UNIVERSITY PARK, Pa. — Using a network of up to 60 citizen scientists, a team of Penn State researchers will assess the levels of endocrine-disrupting compounds in the Susquehanna River next year, and in turn empower those volunteers to become part of the solution to water-quality problems related to emerging contaminants.
The one-year project, funded by the National Science Foundation, will address growing public concern about the presence of trace-level unregulated chemicals in the river. The Susquehanna's problems are well known — a recent analysis conducted by the Pennsylvania Department of Environmental Protection indicated that the presence of endocrine-disrupting compounds such as pesticides, pharmaceuticals and personal care products are contributing to the decline of smallmouth bass in the river.
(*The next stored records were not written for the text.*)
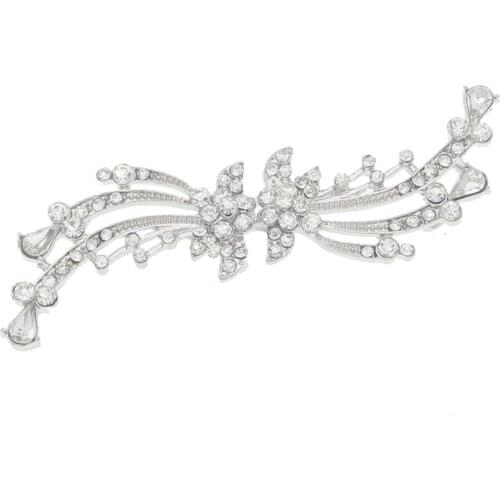 75x18mm Rhinestone Metal Applique Wedding Sew On Stone And Crystals Artesanato Trim For DIY Dress Acrylic Gem Strass Decorations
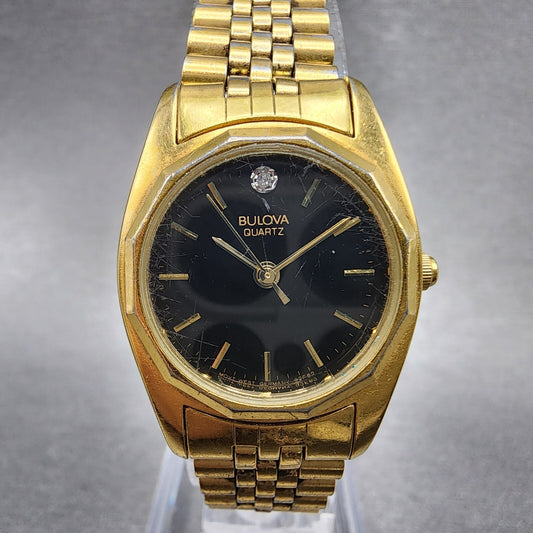 Bulova Watch Women 23mm Black Dial Gold Tone Round 92F62 New Battery VTG0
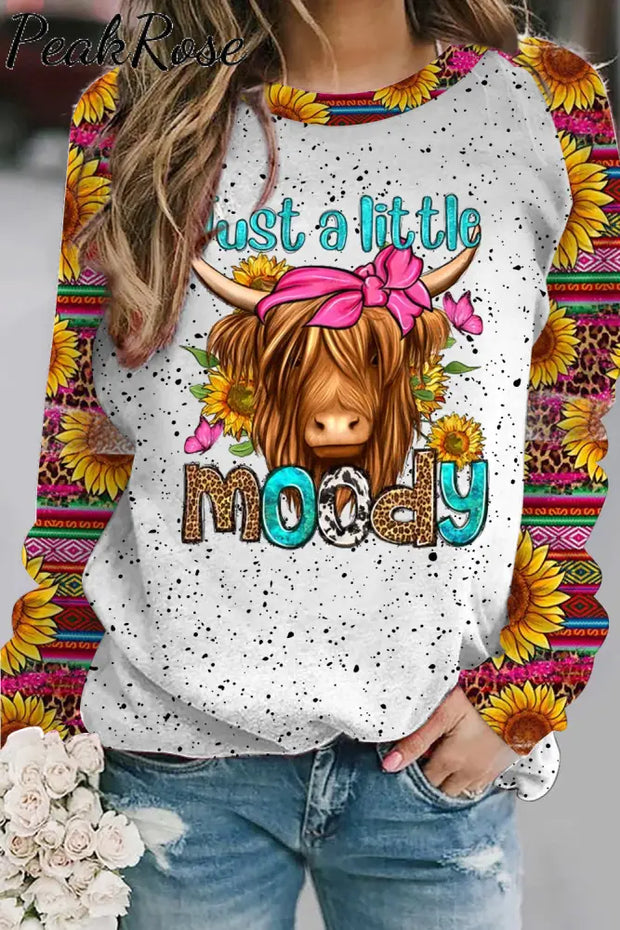 Just A Little Moody Western Leopard Sunflower Print Sweatshirt Floral / S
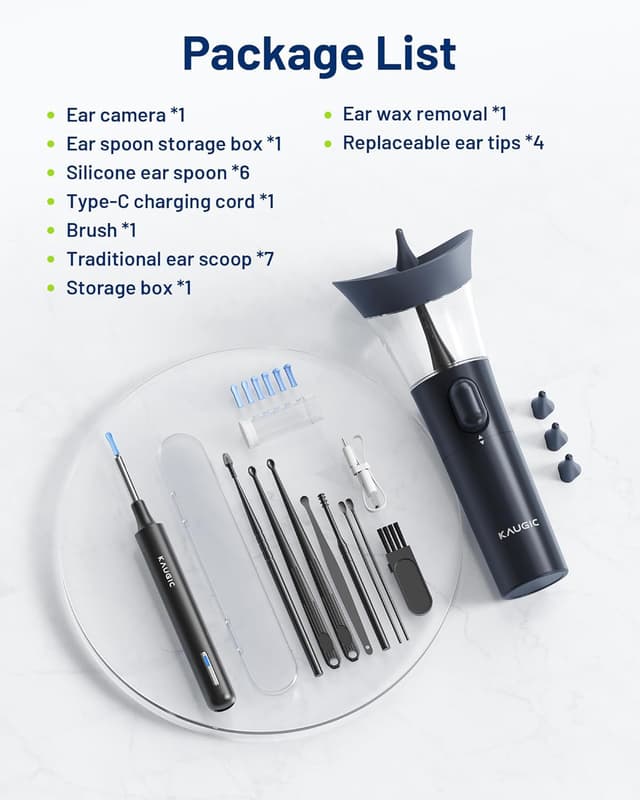 Thumbnail 6 de KAUGIC Ear Wax Removal Kit with One-Hand Manual Ear Cleaner, Camera Inspection, 7-Piece Set (Blue)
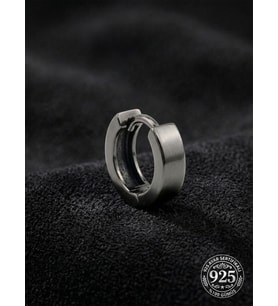 925 Ayar Gümüş Siyah Rodajlı Yuvarlak Erkek Huggie Halka Küpe - Tek (4x11mm)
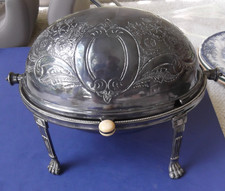 Vintage Silverplate Roll-Top Domed Butter Dish on Ball-and-Claw Feet
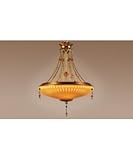 IMAGE OF Authenticity Lighting 10-0015-03-03 Bengal 3 Light Mini Chandelier in Antique Gold Leaf with Mouth Blown Iridescent Amber Opal glass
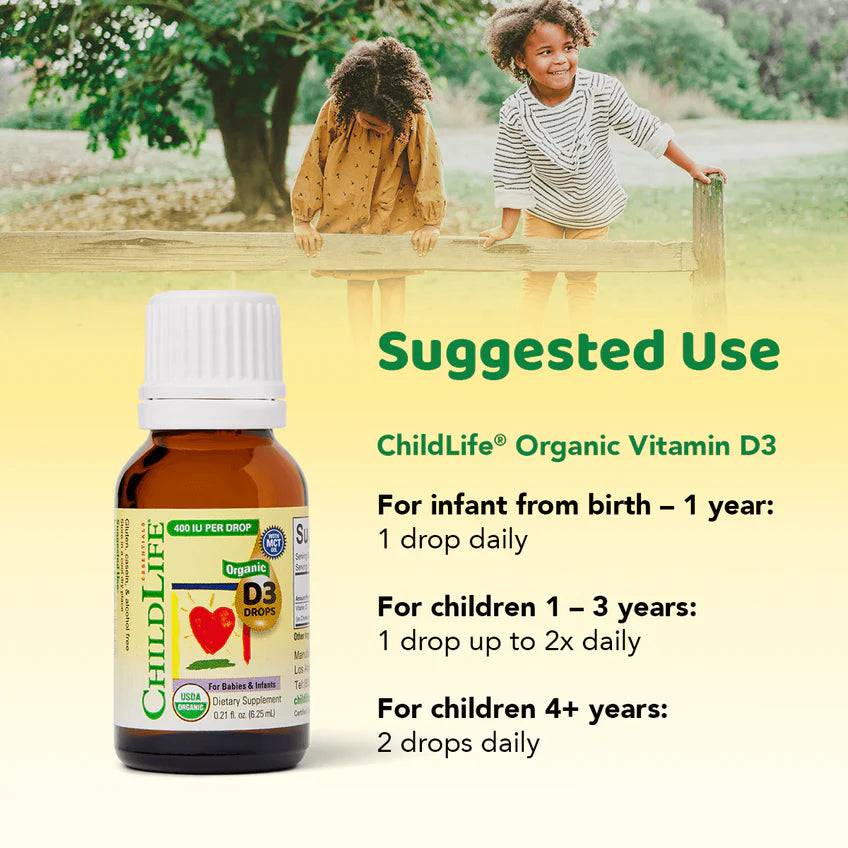 Childlife Essentials Organic Vitamin D3 for Babies & Infants 6.25ml - Organax Ltd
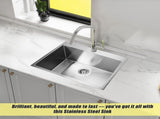 700x500mm Handmade 1.5mm 16 Gauge Stainless Steel Kitchen Laundry Sink with Waste V63-846471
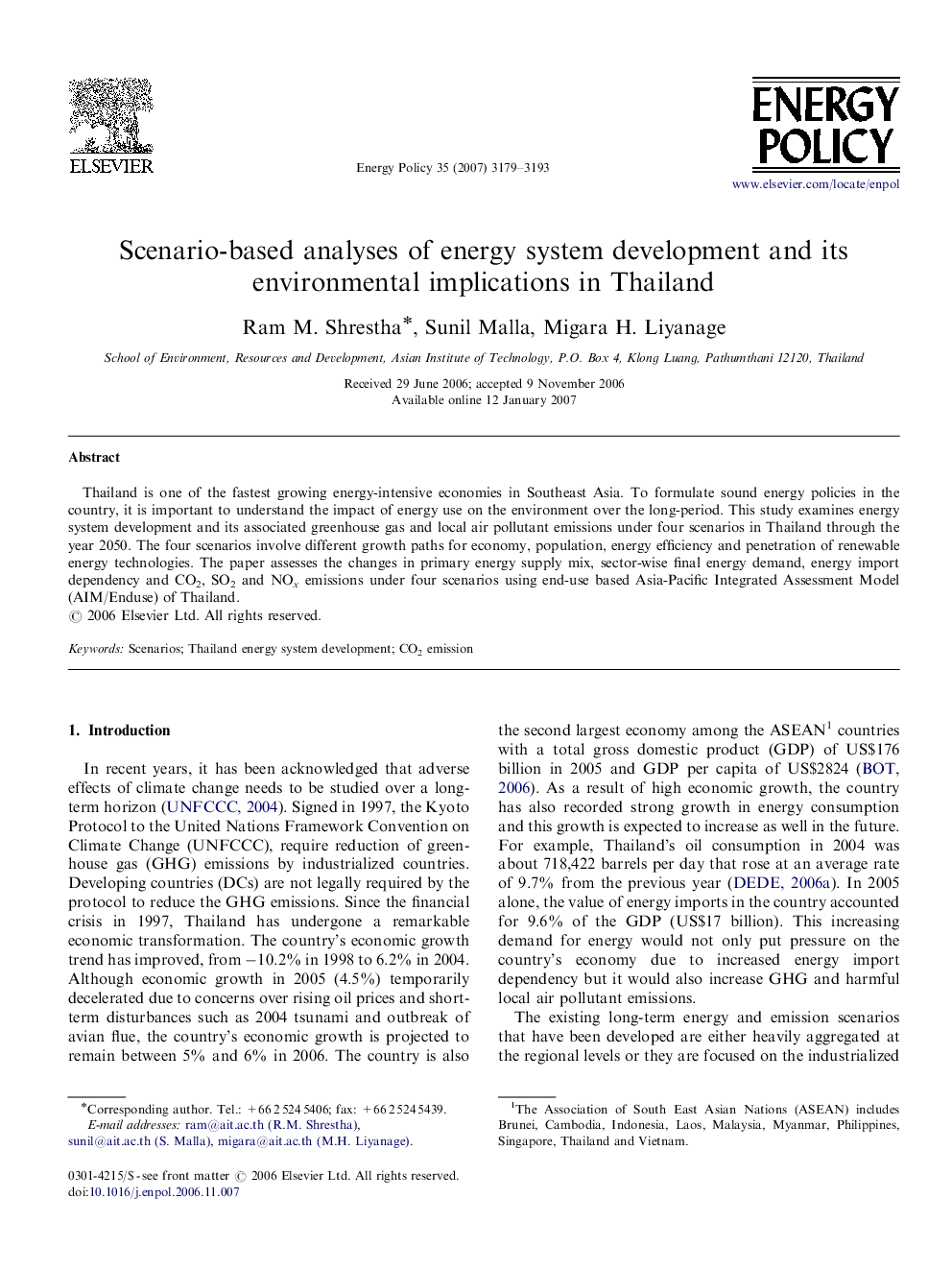 Scenario-based analyses of energy system development and its environmental implications in Thailand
The Susquehanna situation is not unique, according to lead researcher Heather Gall, assistant professor of agricultural and biological engineering, College of Agricultural Sciences. A significant factor contributing to the presence of these compounds in surface water is that wastewater treatment plants across the country were not designed to remove endocrine-disrupting compounds. Therefore, the chemicals and their metabolites often persist in the wastewater effluent, which is typically discharged into rivers.
Although the wastewater must be treated to meet permit requirements, most endocrine-disrupting compounds currently are not regulated and therefore the extent to which treatment plants remove them prior to effluent discharge varies widely, she pointed out.
"Given the link between the usage of pesticides, pharmaceuticals and personal care products and the presence of endocrine-disrupting compounds in the environment, citizens can play a major role in the scientific discovery process," Gall said.
"With the lack of current water regulations or standards and the pressing need for research to better understand the chemicals' presence, fate, transport, and impacts, citizen scientists can participate in identifying potential courses of action and desired legislation."
In collaboration with the Susquehanna River Basin Commission, researchers will recruit 50-60 volunteer citizen scientists to participate in data generation and focus group meetings to identify ways to reduce endocrine-disrupting compounds in the environment.
In addition, the citizen scientists will be asked to use an online tool recently developed by Gall's research group to help them understand their current consumption of products containing endocrine-disrupting compounds, so they can make informed choices about how best to reduce their inadvertent, undesirable usage of these compounds.
Currently available at https://sites.psu.edu/EDCcalculator, the tool can be used to estimate the mass of endocrine-disrupting compounds in the products that they use in their everyday household activities associated with personal hygiene and household cleaning. The calculator is divided into sections for each of three major categories: health and beauty products, laundry products, and household cleaners.